■ **Required work**: Start at the line with "কিউবা-আমেরিকান টেলিভিশন সেলিব্রিটি" in the records below, stop at the line with "BMW 5 Series view 5", and return every line in that span exactly, the two end lines included.

■ **Supplied information**:
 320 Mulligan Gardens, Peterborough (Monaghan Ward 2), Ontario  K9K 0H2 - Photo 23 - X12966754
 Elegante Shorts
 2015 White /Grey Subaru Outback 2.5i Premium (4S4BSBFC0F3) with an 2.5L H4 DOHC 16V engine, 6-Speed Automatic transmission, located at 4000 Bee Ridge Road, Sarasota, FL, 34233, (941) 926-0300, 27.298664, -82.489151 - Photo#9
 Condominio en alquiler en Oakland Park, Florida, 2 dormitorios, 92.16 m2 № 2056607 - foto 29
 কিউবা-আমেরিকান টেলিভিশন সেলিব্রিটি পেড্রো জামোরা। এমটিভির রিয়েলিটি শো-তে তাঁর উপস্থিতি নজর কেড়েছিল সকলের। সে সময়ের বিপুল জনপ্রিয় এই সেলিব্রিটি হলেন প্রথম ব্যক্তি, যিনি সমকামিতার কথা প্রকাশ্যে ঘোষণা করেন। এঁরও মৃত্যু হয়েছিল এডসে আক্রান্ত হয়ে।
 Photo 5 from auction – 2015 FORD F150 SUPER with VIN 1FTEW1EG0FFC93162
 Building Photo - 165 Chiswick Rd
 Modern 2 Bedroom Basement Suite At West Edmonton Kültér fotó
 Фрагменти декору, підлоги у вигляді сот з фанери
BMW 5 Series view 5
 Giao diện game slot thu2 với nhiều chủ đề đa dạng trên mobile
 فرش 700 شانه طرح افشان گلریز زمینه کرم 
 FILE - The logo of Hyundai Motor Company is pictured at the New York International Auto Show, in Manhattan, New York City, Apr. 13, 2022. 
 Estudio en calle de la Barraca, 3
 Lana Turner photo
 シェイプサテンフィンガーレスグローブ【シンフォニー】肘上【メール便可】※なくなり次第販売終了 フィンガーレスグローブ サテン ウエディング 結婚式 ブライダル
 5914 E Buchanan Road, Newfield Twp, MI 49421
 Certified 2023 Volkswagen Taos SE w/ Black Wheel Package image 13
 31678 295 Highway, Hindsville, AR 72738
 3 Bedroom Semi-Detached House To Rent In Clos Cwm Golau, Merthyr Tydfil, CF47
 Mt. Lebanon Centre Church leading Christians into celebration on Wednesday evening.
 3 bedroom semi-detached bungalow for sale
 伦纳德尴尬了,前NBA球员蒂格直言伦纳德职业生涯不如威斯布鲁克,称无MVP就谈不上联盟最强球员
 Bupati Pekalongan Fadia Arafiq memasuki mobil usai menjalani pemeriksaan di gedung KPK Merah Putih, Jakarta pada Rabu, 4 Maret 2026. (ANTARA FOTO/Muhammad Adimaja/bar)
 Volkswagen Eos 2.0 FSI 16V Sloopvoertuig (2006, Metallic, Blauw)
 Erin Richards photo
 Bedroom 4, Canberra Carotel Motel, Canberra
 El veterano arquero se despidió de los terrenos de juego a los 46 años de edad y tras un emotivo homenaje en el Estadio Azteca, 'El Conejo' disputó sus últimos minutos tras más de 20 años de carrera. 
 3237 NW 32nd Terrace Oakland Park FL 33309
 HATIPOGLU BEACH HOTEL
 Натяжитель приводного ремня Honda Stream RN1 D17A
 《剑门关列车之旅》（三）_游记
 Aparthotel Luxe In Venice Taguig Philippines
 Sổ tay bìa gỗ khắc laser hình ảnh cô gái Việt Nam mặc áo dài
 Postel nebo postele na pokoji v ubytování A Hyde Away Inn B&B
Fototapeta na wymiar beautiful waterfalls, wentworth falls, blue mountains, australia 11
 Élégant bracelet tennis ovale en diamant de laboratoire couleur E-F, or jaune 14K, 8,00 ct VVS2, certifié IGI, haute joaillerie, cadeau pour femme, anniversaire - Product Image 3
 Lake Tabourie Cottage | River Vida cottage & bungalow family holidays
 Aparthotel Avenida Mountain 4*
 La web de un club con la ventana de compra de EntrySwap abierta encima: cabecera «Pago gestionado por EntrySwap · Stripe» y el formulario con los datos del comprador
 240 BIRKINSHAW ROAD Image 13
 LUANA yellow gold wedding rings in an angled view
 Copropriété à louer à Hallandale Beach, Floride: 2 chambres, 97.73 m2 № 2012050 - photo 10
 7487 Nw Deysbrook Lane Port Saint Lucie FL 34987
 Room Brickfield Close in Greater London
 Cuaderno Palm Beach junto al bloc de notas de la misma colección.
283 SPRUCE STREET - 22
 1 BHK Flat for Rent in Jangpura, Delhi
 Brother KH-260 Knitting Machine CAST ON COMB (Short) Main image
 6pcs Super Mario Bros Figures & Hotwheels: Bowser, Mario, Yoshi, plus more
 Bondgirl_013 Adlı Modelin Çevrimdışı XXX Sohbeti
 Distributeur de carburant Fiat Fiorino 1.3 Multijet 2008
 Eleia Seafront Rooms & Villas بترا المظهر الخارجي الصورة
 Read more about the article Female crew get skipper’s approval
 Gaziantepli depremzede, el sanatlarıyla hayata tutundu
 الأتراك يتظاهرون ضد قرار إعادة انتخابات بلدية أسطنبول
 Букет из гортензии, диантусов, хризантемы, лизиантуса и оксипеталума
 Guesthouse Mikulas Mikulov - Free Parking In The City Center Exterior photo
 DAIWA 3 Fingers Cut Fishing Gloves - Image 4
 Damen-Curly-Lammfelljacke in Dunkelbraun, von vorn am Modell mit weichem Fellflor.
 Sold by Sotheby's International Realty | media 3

■ **The answer**:
 কিউবা-আমেরিকান টেলিভিশন সেলিব্রিটি পেড্রো জামোরা। এমটিভির রিয়েলিটি শো-তে তাঁর উপস্থিতি নজর কেড়েছিল সকলের। সে সময়ের বিপুল জনপ্রিয় এই সেলিব্রিটি হলেন প্রথম ব্যক্তি, যিনি সমকামিতার কথা প্রকাশ্যে ঘোষণা করেন। এঁরও মৃত্যু হয়েছিল এডসে আক্রান্ত হয়ে।
 Photo 5 from auction – 2015 FORD F150 SUPER with VIN 1FTEW1EG0FFC93162
 Building Photo - 165 Chiswick Rd
 Modern 2 Bedroom Basement Suite At West Edmonton Kültér fotó
 Фрагменти декору, підлоги у вигляді сот з фанери
BMW 5 Series view 5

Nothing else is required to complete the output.